|Lentz, Rodrick - Rick|
Submitted to: Journal of Chromatography
Publication Type: Peer Reviewed Journal
Publication Acceptance Date: 3/1/1999
Publication Date: N/A
Citation: Interpretive Summary: Runoff from furrow irrigated fields contains sediment, phosphorus, and other nutrients that enter surface waters as non-point source pollutants. A new practice applies small amounts of anionic polyacrylamide (PAM), a long-chained polymer, to some of the irrigation water used to water furrow irrigated crops. PAM reduces sediment losses in irrigation runoff by 80 to 99%, and removes 80 to 95% of other pollutants ordinarily present in runoff water. While PAM itself has low toxicity, PAM products used in agriculture may contain up to 0.05% of a toxic material called acrylamide monomer. Acrylamide degrades rapidly in soil and water, but it is soluble and may potentially be taken up by plants irrigated with treated water.

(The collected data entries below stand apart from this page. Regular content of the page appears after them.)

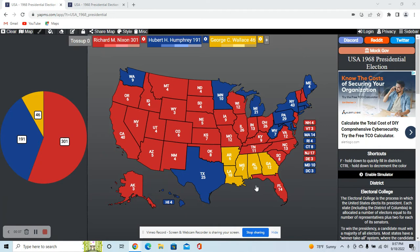Today I've got the 1968 presidential election, which was held between Richard Nixon, Hubert Humphrey, and an independent challenger in George Wallace, who wins some southern states, as you see there.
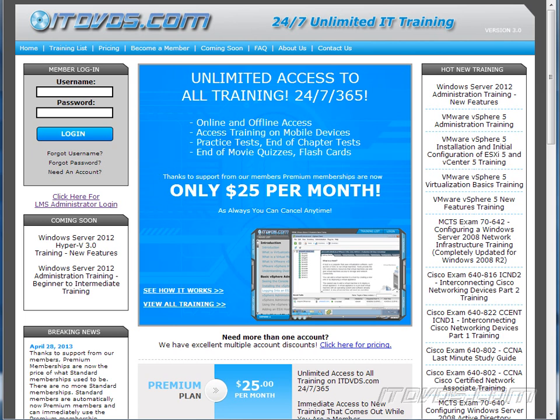This is just a sample of the training available at itdvds.com. To see complete training, please go to itdvds.com. Let's begin the sample.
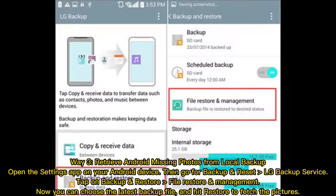Way 3: Retrieve Android missing photos from local backup. Open the Settings app on your Android device, then go to Backup and Reset, then LG Backup Service. Tap on Backup and Restore, then File Restore and Management. You can choose the latest backup file and hit Restore to fetch the pictures.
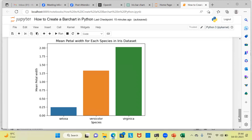With this I have come to the end of today's video. We have seen how easily we can build a bar chart using Python. I request you to subscribe to my channel, and also like and share my videos. Thank you very much for watching. Have a great day ahead.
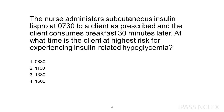The nurse administers subcutaneous insulin Lispro at 0730 to a client as prescribed and the client consumes breakfast 30 minutes later. At what time is the client at highest risk for experiencing insulin-related hypoglycemia? 1. 0830. 2. 1100. 3. 1330. 4. 1500.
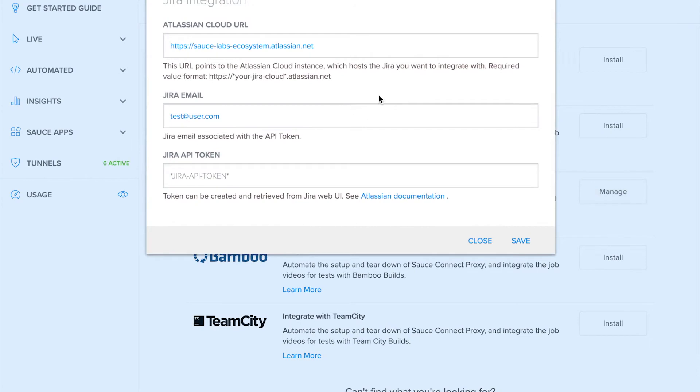By clicking on that, you will see that you can add your link to the cloud, your email address, and your API token.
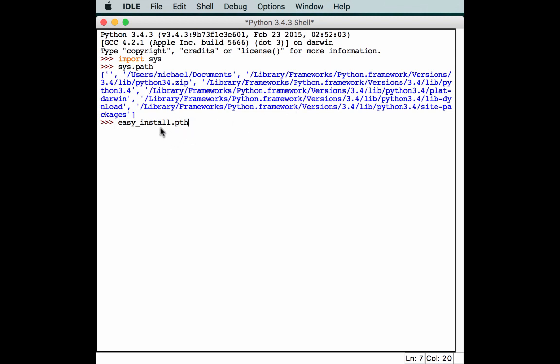there's an egg installed at this particular path. So you actually need to go in there and edit that to uninstall an egg. Or at least that used to be how it worked. And the problem with easy_install is that it gets updated all the time. So by the time you see this video, maybe they'll have fixed this. But at the time that it was recorded, that was still an issue.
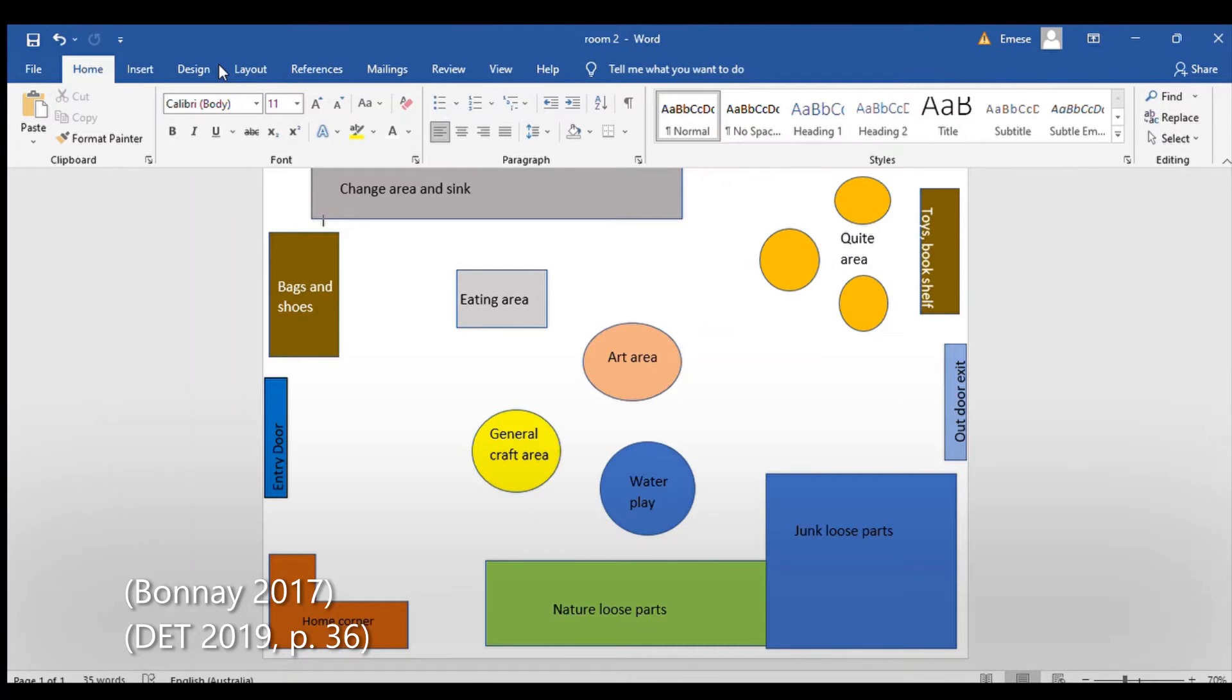In this room, we wanted to create an environment where they feel comfortable and can explore, learn, and grow. Linking to the EYLF Outcome 4, Children Are Confident and Involved Learners (DET 2019, page 36).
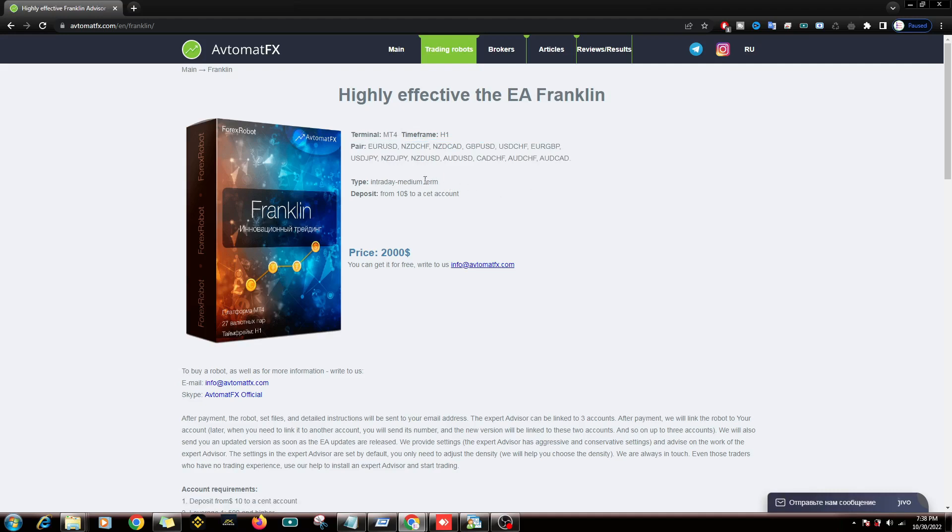This type of Expert Advisor is intraday. It could take a long time to open and close the position. The minimum deposit is also very low, which can start from a capital of $10 in a Cent account.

This study developed a method for measuring the concentration of acrylamide that had been added to harvested corn, bean, sugar beet, and potato tissue. This procedure will be used to determine if acrylamide can accumulate in crop tissue and threaten the irrigated crop quality.

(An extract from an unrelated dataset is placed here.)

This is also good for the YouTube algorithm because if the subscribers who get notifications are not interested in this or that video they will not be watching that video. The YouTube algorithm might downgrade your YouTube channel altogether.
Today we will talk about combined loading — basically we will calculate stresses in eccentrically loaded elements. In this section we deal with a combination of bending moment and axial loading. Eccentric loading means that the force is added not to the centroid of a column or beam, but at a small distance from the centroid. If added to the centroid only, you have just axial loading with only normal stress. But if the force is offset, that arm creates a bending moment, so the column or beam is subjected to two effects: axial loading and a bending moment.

Technical Abstract: Polyacrylamide (PAM) is a widely used product for a large number of applications. Many of the emerging applications are in the area of agriculture. PAM is blended with pesticides as a thickening agent, is added to irrigation water to minimize soil erosion, and is used as a medium for hydroponically grown crops. While Pam is stable and considered to be safe, it contained 0.05% residual acrylamide (AMD) monomer, a neurotoxin and carcinogen. In this work, residual AMD was analyzed in a variety of crops that were grown under PAM treatment to stabilize soil erosion. Corn, potato, sugar beets, and beans were analyzed for AMD. A sample of the crop was homogenized with water, the water layer was filtered and derivatized with bromine to from the 2,3-dibromopropionamide. The derivative was then extracted with ethyl accetate and converted to the more stable 2-propenamide prior to gas chromatographic analysis using the electron capture detector. Capillary Carbowax columns were used. All crops tested showed 10 ppb of AMD. Furthermore, it seems that AMD is not stable when it comes in contact with the crop tissues. In the presence of plant tissues, AMD will disappear as a function of time. Beans blended with 100 ppb AMD for 10 minutes yielded a recovery of only 22%. For a bean sample that was soaked with 500 ppb AMD solution for 18 hours, the recovery was 7%. Other crops showed different AMD recoveries.